• [YOUR OBJECTIVE] Once you reach the line with "Image 13 of", copy it and every line after it exactly, up to the end of the data. Omit the pictures.

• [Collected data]
>>

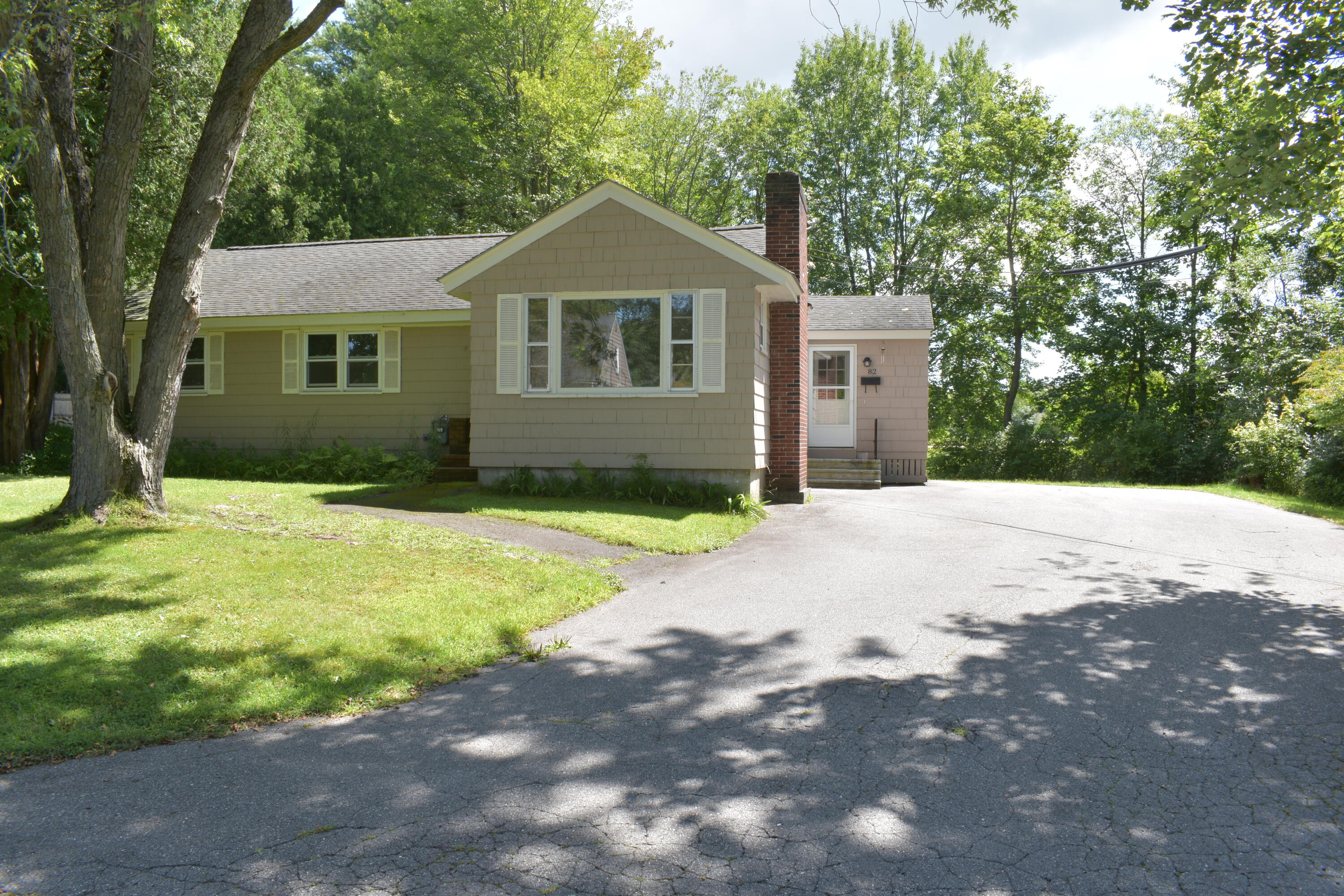 82 Farnham Street Portland, ME 04103 - Photo 2 of 25 MOB_2224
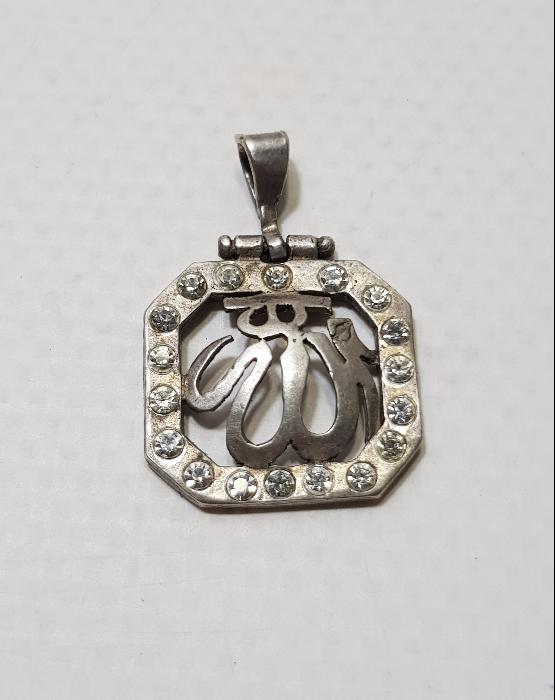 ZİRKON TAŞLARLA SÜSLÜ ALLAH CC YAZILI GÜMÜŞ KOLYE UCU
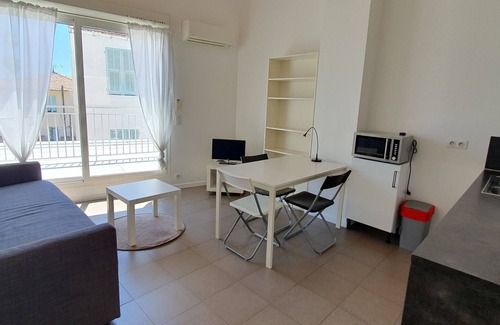 Saint Philippe Apartment | Apartment in Nice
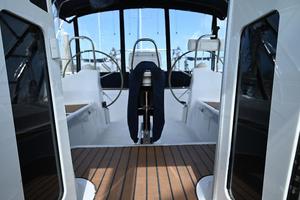 Air Astride 45ft Hunter Yacht For Sale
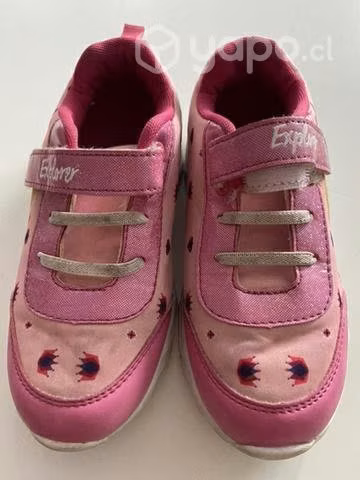 Zapatillas rosadas Disney y Minnie talla 33 y 32
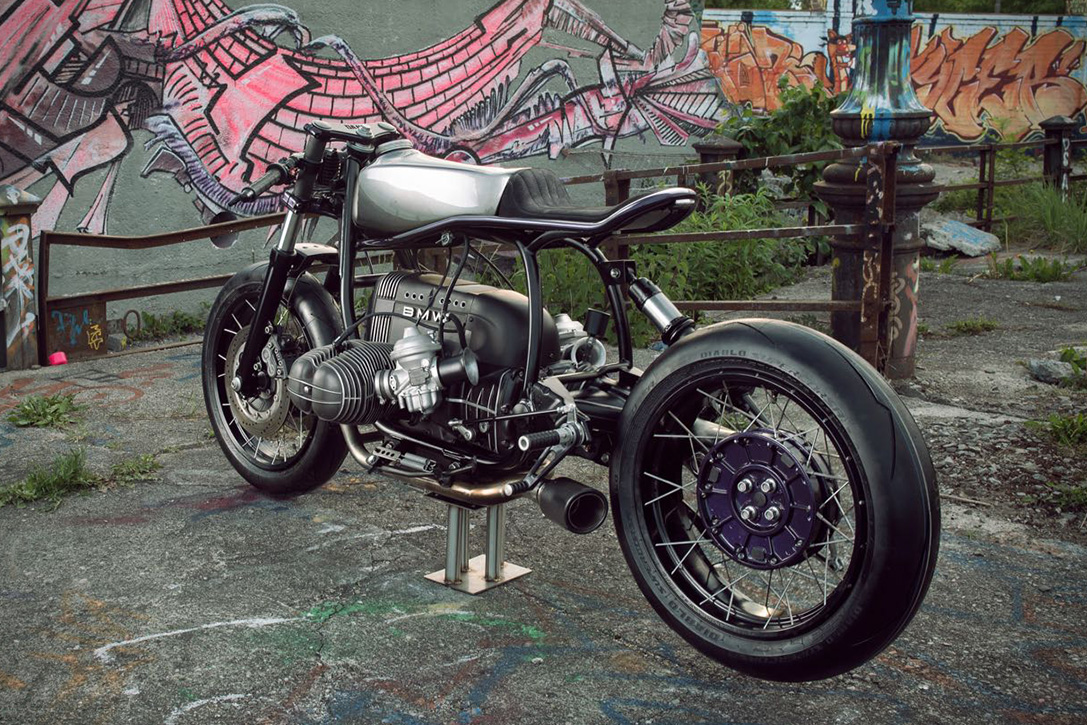 這輛車是BMW最後一 輛採用水平對臥雙缸兩汽門氣冷引擎,擁有60ps最大馬力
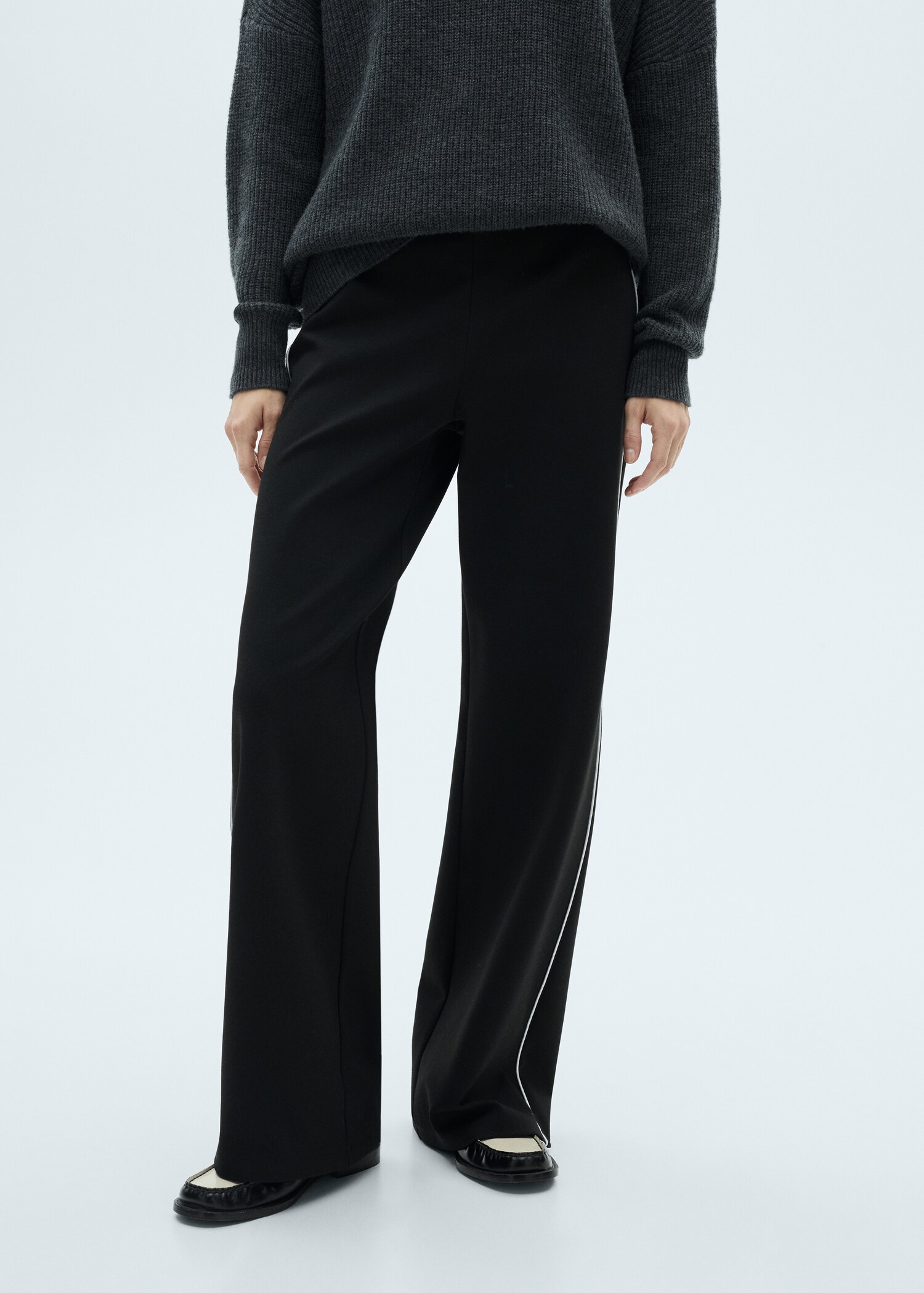 Knitted trousers with contrasting stripes - Medium plane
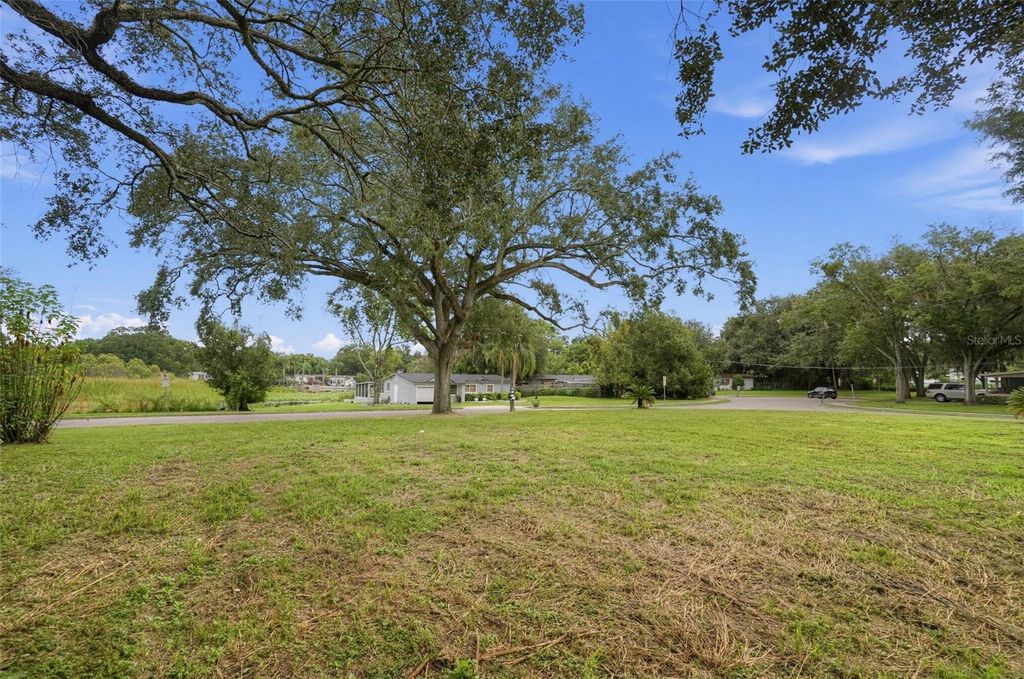 Image 13 of property listing at 3036 CONDEL DRIVE, Orlando, FL 32812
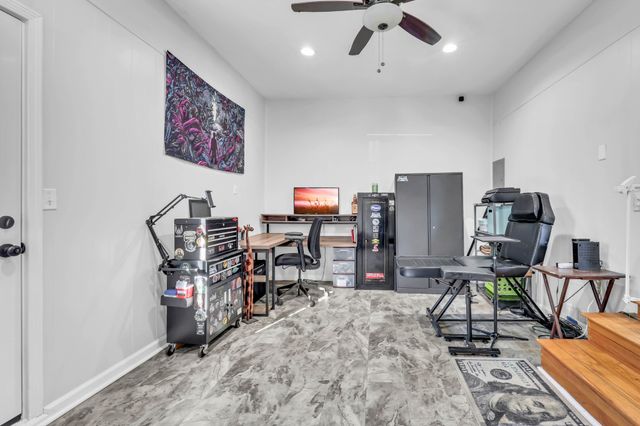 2206 Green Acres Dr, Clarksville, TN 37042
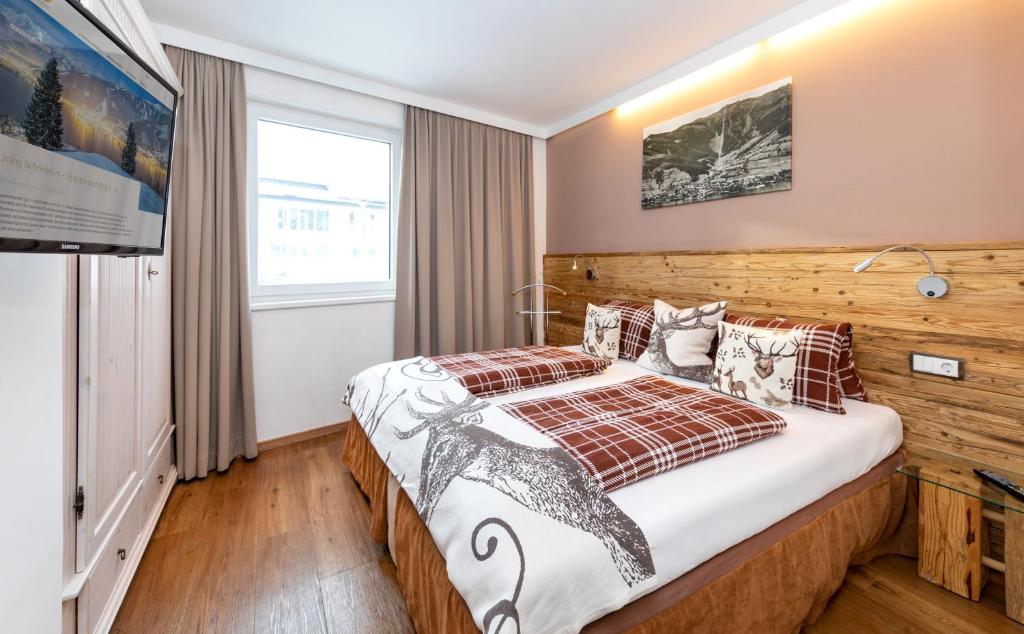 Łóżko lub łóżka w pokoju w obiekcie Appartement Living Schönwies including Zell am See-Kaprun summercard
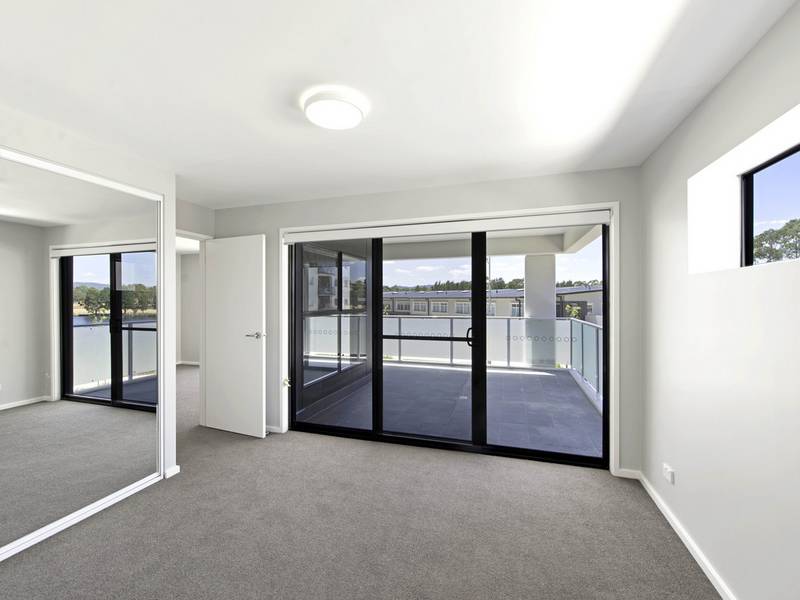 218/12 Limburg Way, GREENWAY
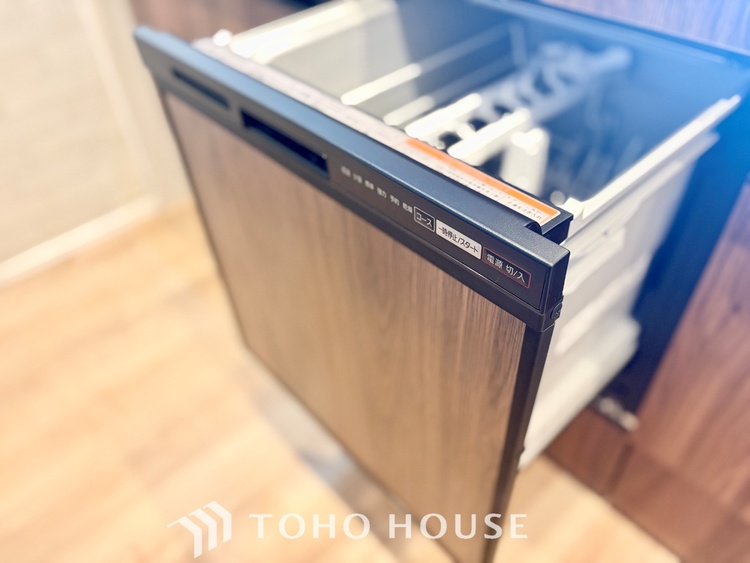 キッチン 【KITCHEN】◆ワクワク◆開放的で機能性も高いシステムキッチン。お子様は毎日のご飯にワクワク！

<<

• [ANSWER FOR THE TASK]
 Image 13 of property listing at 3036 CONDEL DRIVE, Orlando, FL 32812
 2206 Green Acres Dr, Clarksville, TN 37042
 Łóżko lub łóżka w pokoju w obiekcie Appartement Living Schönwies including Zell am See-Kaprun summercard
 218/12 Limburg Way, GREENWAY
 キッチン 【KITCHEN】◆ワクワク◆開放的で機能性も高いシステムキッチン。お子様は毎日のご飯にワクワク！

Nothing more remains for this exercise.